* **Task**:
Output only the lines from the line holding "Capsule cu Ulei" through the close of the records, exactly as they appear, with all pictures omitted.

* **Exercise materials**:
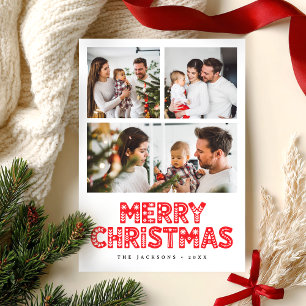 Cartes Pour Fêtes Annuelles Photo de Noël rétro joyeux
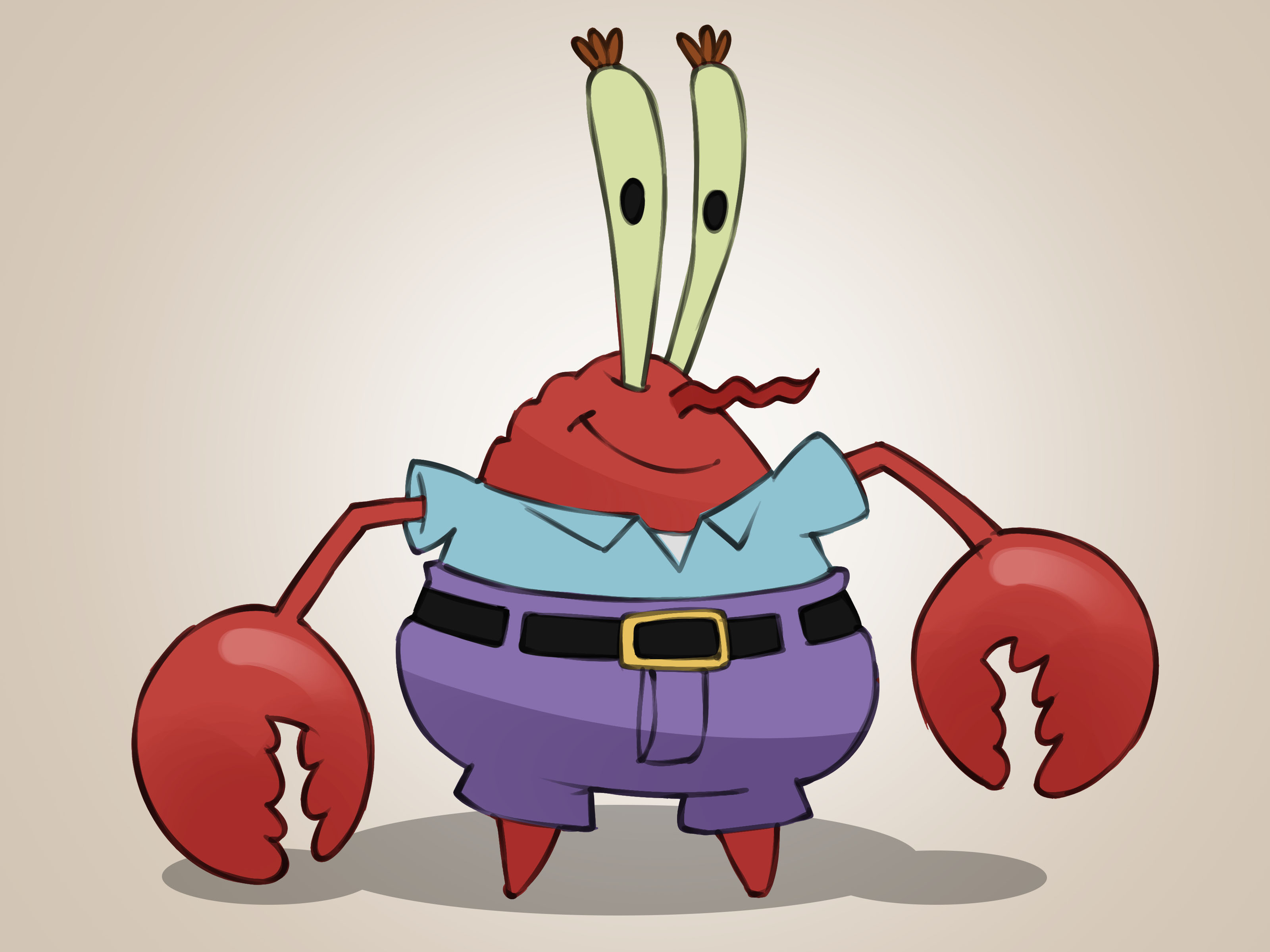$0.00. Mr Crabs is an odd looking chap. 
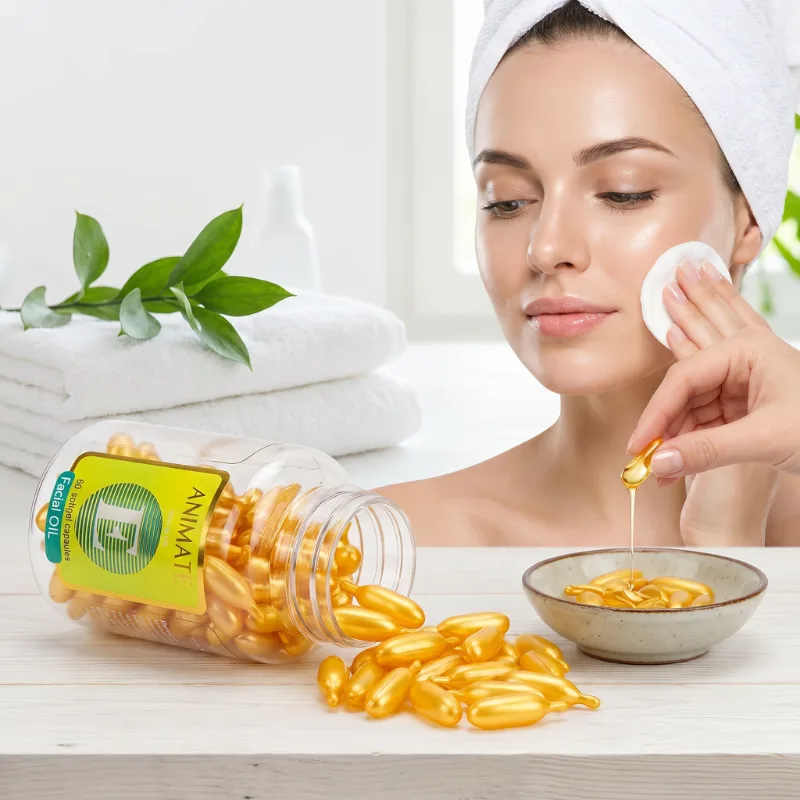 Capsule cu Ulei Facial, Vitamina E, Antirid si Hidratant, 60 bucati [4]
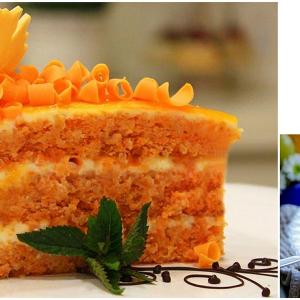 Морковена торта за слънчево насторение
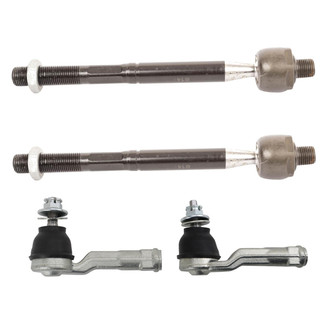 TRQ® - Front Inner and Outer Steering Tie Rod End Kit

* **Problem solution**:
 Capsule cu Ulei Facial, Vitamina E, Antirid si Hidratant, 60 bucati [4]
 Морковена торта за слънчево насторение
 TRQ® - Front Inner and Outer Steering Tie Rod End Kit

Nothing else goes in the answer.